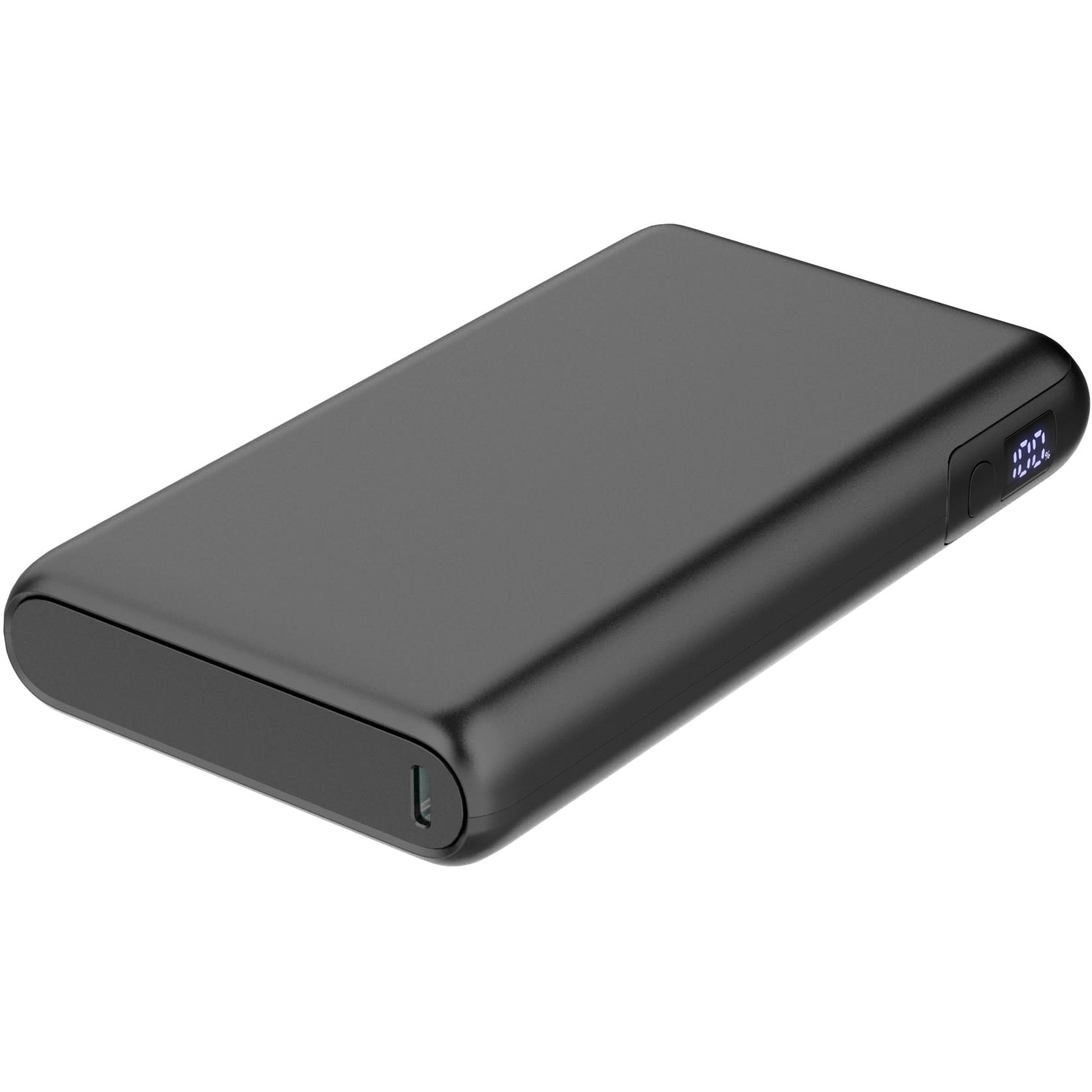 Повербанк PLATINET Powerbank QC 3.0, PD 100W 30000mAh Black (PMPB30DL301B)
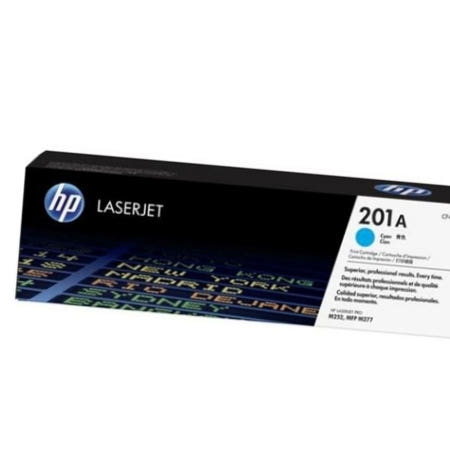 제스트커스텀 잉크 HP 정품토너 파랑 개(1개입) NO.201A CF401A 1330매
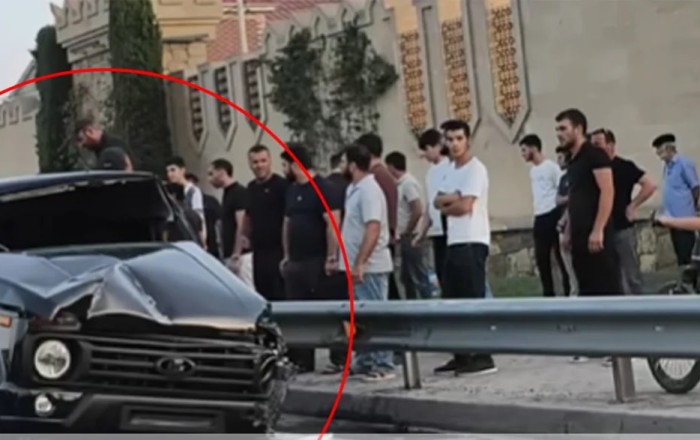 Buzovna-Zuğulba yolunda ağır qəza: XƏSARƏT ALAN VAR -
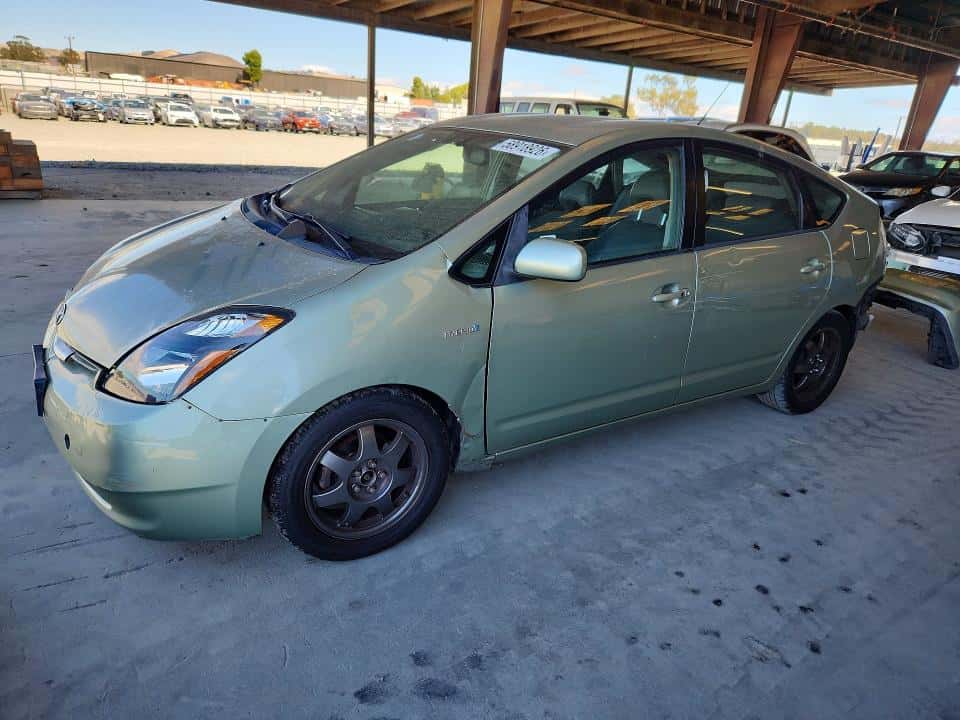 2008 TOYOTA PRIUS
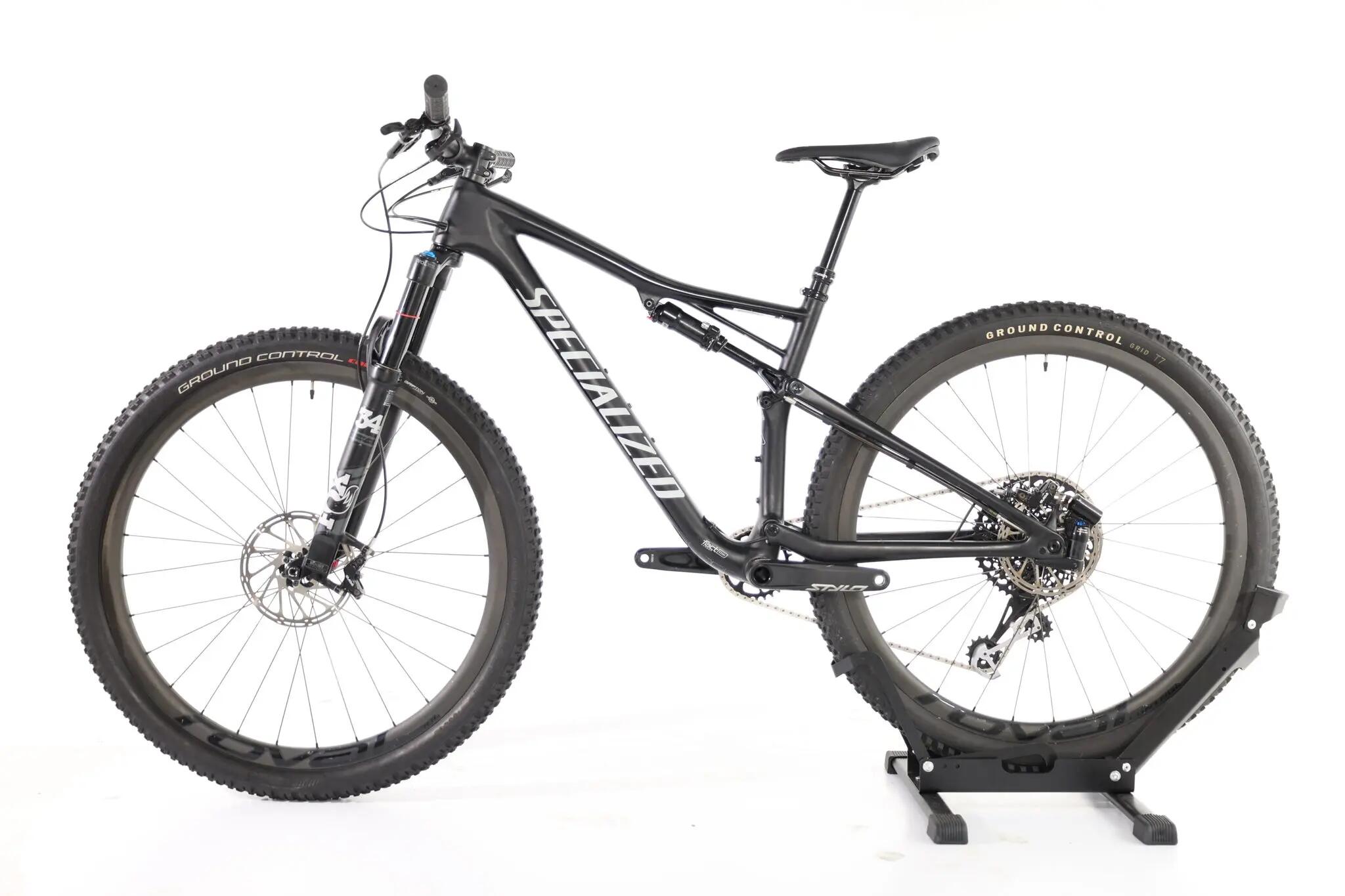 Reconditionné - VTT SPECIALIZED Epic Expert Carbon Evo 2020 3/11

════

Problem to work on:
Pictures do not belong in your copy; restate word for word the lines from the one containing "Buzovna-Zuğulba yolunda ağır" through the last line of the records above.

Response:
 Buzovna-Zuğulba yolunda ağır qəza: XƏSARƏT ALAN VAR -
 2008 TOYOTA PRIUS
 Reconditionné - VTT SPECIALIZED Epic Expert Carbon Evo 2020 3/11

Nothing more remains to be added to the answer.